American artist (1856–1934)

Julia Christiansen Hoffman (March 30, 1856 – November 30, 1934) was an American artist and arts patron who fostered the Portland Arts and Crafts movement in the state of Oregon, through exhibitions and art classes. In 1907 she led the establishment of the Arts and Crafts Society of Portland, a forerunner of the Oregon College of Art and Craft (OCAC).

==Biography==
Julia Elizabeth Christiansen, daughter of Danish immigrants Hamond and Elizabeth Christiansen, was born March 30, 1856, in Manti, Sanpete County, Utah, northeast of Gunnison. She moved to Portland in 1881, and in 1883 married Lee Hoffman (1850–1895), a Portland builder. In 1887, when he completed the Morrison Bridge, the first bridge across the Willamette River, Julia Christiansen Hoffman was "the first person to 'walk across the Willamette' ". The Hoffmans had two children: their son Lee Hawley was born in 1884, and daughter Margery was born in 1888.

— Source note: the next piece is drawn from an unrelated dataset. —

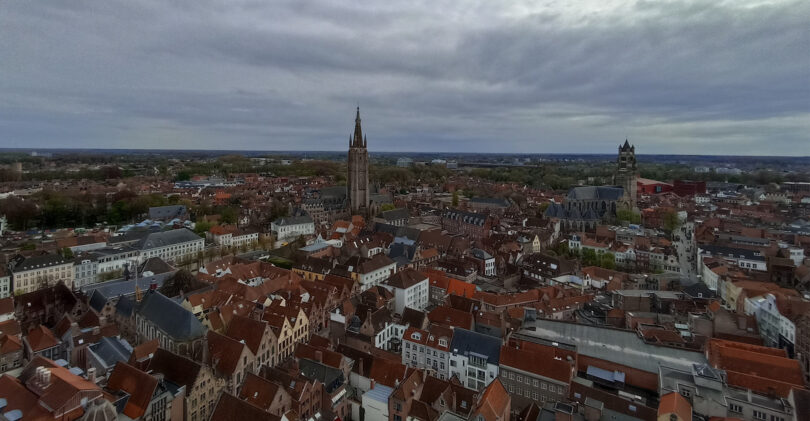 Intrarea în orașul vechi, la Bruges, se face prin intermediul a patru porți-bastion, aflate în cele patru puncte cardinale. Pe oricare dintre ele va intra, călătorul va avea parte de o experiență de neuitat. Plimbarea terestră, pe alei și străduțe mărginite de case durate din veacurile XV, XVI și XVII (cele mai vechi, păstrate, conservate într-o estetică care te duce în lumea din care ele vin), ori pe apă, pe multitudinea de canale - de aceea Bruges mai e numit și Veneția Nordului - aduce vizitatorilor noi și noi motive de relaxare.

Hoffman's husband died in a shooting accident in 1895, and Hoffman moved her family to Boston, seeking better educational opportunities for her children. In the late 1890s, Hoffman joined the Society of Arts and Crafts, Boston; she took classes at Grundemann Studios of the Boston Art Students' Association, and studied with master silversmith George Christian Gebelein. She made trips at least annually back to Portland, and in 1902 became the first lifetime member of the Portland Art Association, precursor of the Portland Art Museum. She provided the salary of the first design instructor of the Museum Art School, precursor of Pacific Northwest College of Art (PNCA). By the summer of 1906, she returned to make Portland her permanent residence, studying with Frank Dumond.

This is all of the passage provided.